I have a population including rare events (let's call them "event A") and I want to evaluate the precision and recall of a new algorithm to detect the rare events. In the actual population, I have 100 millions events, including 10,000 A events of interest (positives). But to evaluate the new model, I cannot process the whole population, as it would take too long. So I want to use a sample that will contain all 10k A events, but only 100k negatives, drawn uniformly at random from the whole population of negatives. From the results on this sample, I would evaluate the precision (TP/(TP+FP)) and recall (TP/(TP+FN)) of the algorithm on the whole population.

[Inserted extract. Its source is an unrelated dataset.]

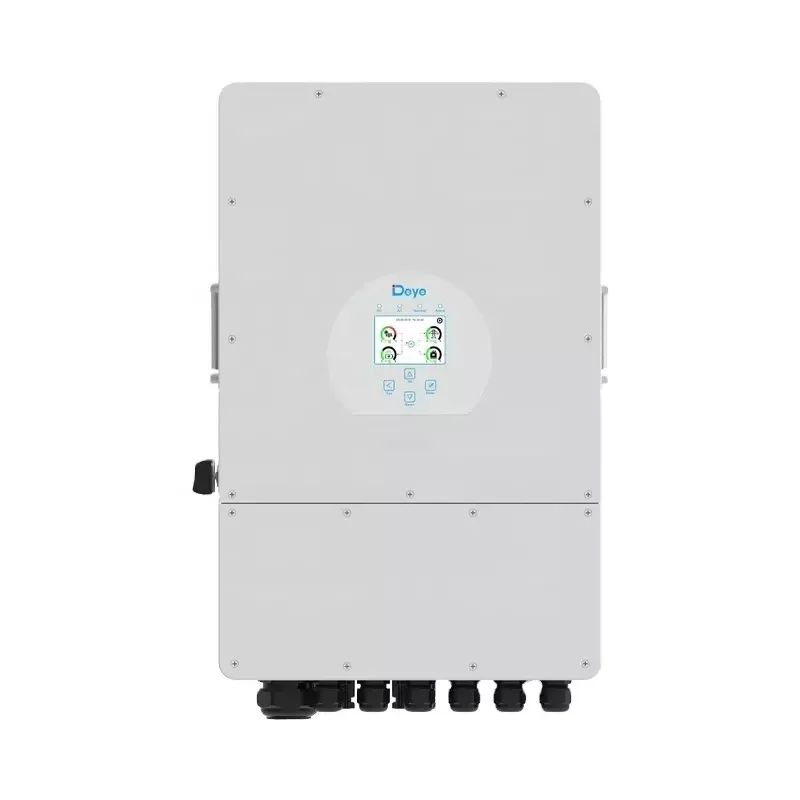 Solar inverter dual output 6.2 kw 48 v 10 kw on off grid 16kw 3 phase solar deye hybrid inverter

My reasoning is that in the test population, the ratio of positives to negatives is 1e4/1e5 = 1/10, but in the actual population, that ratio is 1e4/1e8 = 1e-4. So, to undo the bias I introduced in the sample, I should weigh the negatives by 1/(1e-1/1e-4) = 1e3. I would still weigh the positives as 1. With those weights, I would proceed to count the TP, FP and FN in the test sample, then calculate:

$$precision = \frac{TP}{TP+10^3FP}$$ and $$recall = \frac{TP}{TP + FN}$$

The number of FPs needs to be correct, as a single FP in the test sample "stands in" for $10^3$ in the actual population. However, for the FN, a false negative is actually a positive, and those were not biased in the test sample, so I should not correct them.

Is that correct?

PS: after this post, I actually found a way to better estimate the precision, and sidestep the over-counting of FPs in the whole population by the formula above. I draw a second sample, that contains negatives only, which allows me to estimate the actual number of FPs in the population much more precisely, and I calculate the precision from the number of TPs of the first sample, and the estimated FPs for the whole population from the second sample. This procedure with 2 samples seems to evaluate the precision on the whole population much better than the formula above.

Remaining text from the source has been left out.